PhyCo: Learning Controllable Physical Priors for Generative Motion¶

Conference: CVPR 2026
arXiv: 2604.28169
Code: https://phyco-video.github.io (Project Page)
Area: Diffusion Models / Controllable Video Generation
Keywords: Physical Consistency, Video Diffusion, ControlNet, Physical Attribute Conditioning, VLM Reward Optimization

TL;DR¶

PhyCo enables video diffusion models to generate motion consistent with physics (friction, restitution, deformation, external forces) in a continuous and controllable manner without relying on any simulators or geometric reconstruction during inference. This is achieved through a triad: a 100k physical simulation dataset, supervised fine-tuning using ControlNet with pixel-aligned physical attribute maps, and differentiable reward optimization using a fine-tuned VLM for physical Q&A scoring. It improves the IQ Score on the Physics-IQ benchmark from a baseline of ~28 to 43.6.

Background & Motivation¶

Background: Modern video diffusion models (SVD, CogVideoX, Cosmos, etc.) are highly capable of synthesizing photorealistic frames with strong texture, lighting, and motion continuity.

Limitations of Prior Work: However, they frequently violate basic physical laws—objects may float, fall too slowly, fail to bounce upon collision, or lack realistic soft-body deformation. Critically, even with massive training data, they cannot controllably generate "changes in physical properties": one cannot prompt the model to "increase the coefficient of restitution for this ball."

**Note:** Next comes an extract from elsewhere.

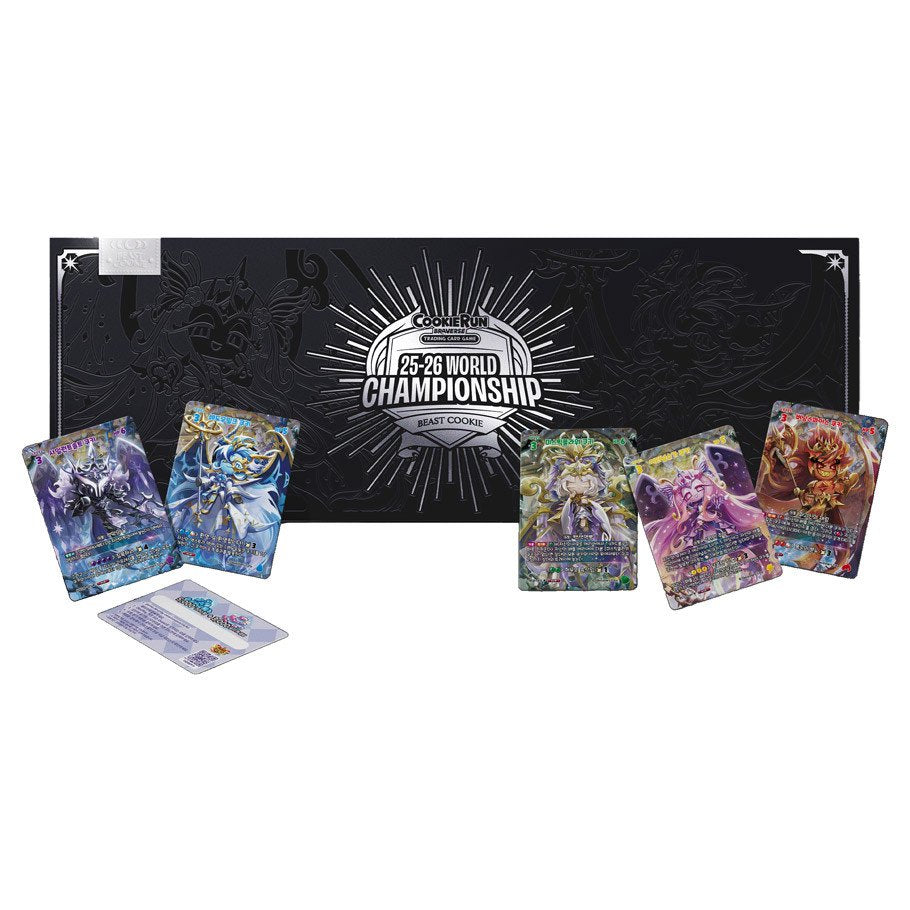CookieRun Beast Cookie Collectible Card Set – Official Cookie Run Braverse TCG Promo Trading Cards, Cookie Run Kingdom Cards Collectibles for Fans and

Key Challenge: Existing solutions fall into two camps, each with fatal flaws. One camp (PhysGen, PhysDreamer, WonderPlay) couples explicit physical solvers (Rigid body dynamics, MPM) into the generation process; while precise, they require 3D geometry reconstruction or predefined materials during inference, severely limiting scalability and generalization. The other camp (PhysCtrl, VLIPP, ForcePrompting) uses learned or language-driven implicit priors (trajectory generation, VLM reasoning, force-conditioned prompts) to bypass solvers; however, these only provide coarse-grained kinematic guidance and lack continuous control over multiple underlying physical attributes. The closest work, Force-Prompting, only controls a single attribute (force) and uses simplistic dataset scenarios.

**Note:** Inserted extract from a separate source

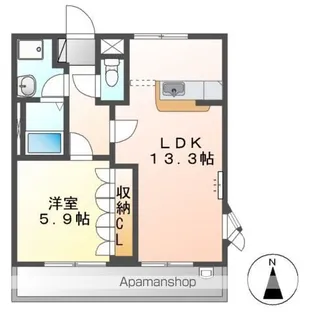 ロイヤル花月【2階】の間取り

Goal: To enable diffusion models with continuous and interpretable control over four physical attributes—friction, restitution, deformation, and external force—without requiring any simulator or geometric reconstruction during inference.

Key Insight: The authors argue that the root cause is that "models have never learned from data where visual appearance is decoupled from underlying physics." If a model is exposed to large-scale simulation videos where physical properties change systematically while appearances are randomized, it can bind each physical attribute to its "standard visual signature."

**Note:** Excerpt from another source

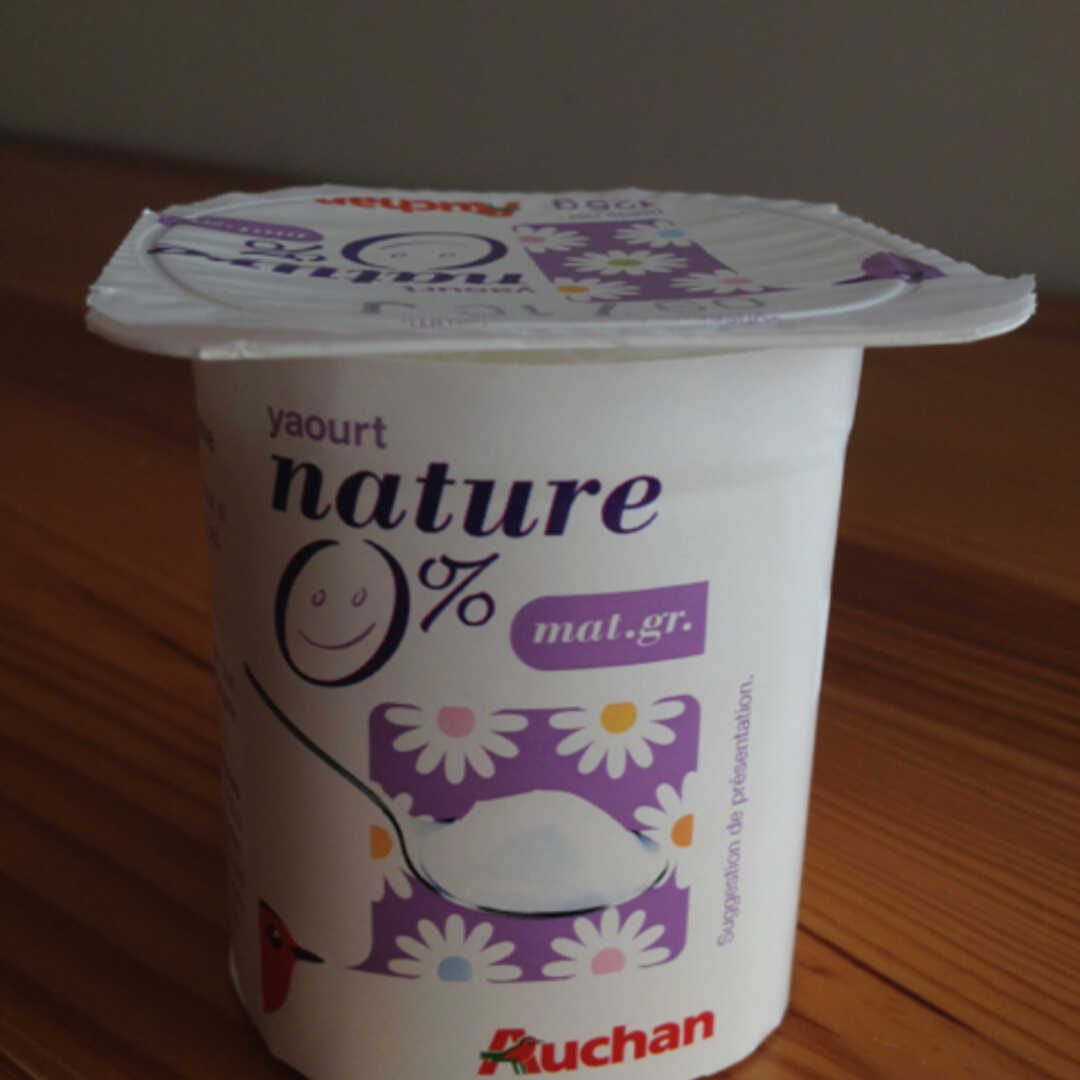 Auchan Yaourt Nature 0%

Core Idea: Construct pixel-aligned spatial condition maps of physical attributes to feed into a ControlNet for supervised fine-tuning (allowing the model to "learn to represent physics"), followed by VLM-based reward fine-tuning using physical Q&A scores (making the "control more precise").

Method¶

Overall Architecture¶

The input to PhyCo consists of an "initial frame + text prompt + a set of pixel-aligned physical attribute maps (friction/restitution/deformation/force)," and the output is a video consistent with these attributes. The pipeline is built on the pretrained Cosmos-Predict2-2B DiT diffusion backbone and trained in two stages. Stage 1 is Physical Supervised Fine-Tuning (SFT): 100k simulation videos decoupling appearance and physics are constructed; ControlNet injects these attribute maps into the denoising process, and the model learns to generate corresponding dynamics via diffusion score-matching loss. Stage 2 is VLM Reward Optimization: Since SFT alone provides insufficient control fidelity, a fine-tuned VLM acts as a "physics judge" to perform targeted physical Q&A on generated videos. The answer logits are converted into differentiable rewards for backpropagation, further forcing the model to generate physically credible and precisely controlled results. Both stages only train the ControlNet layers, freezing the diffusion backbone and tokenizer to preserve pretrained representations.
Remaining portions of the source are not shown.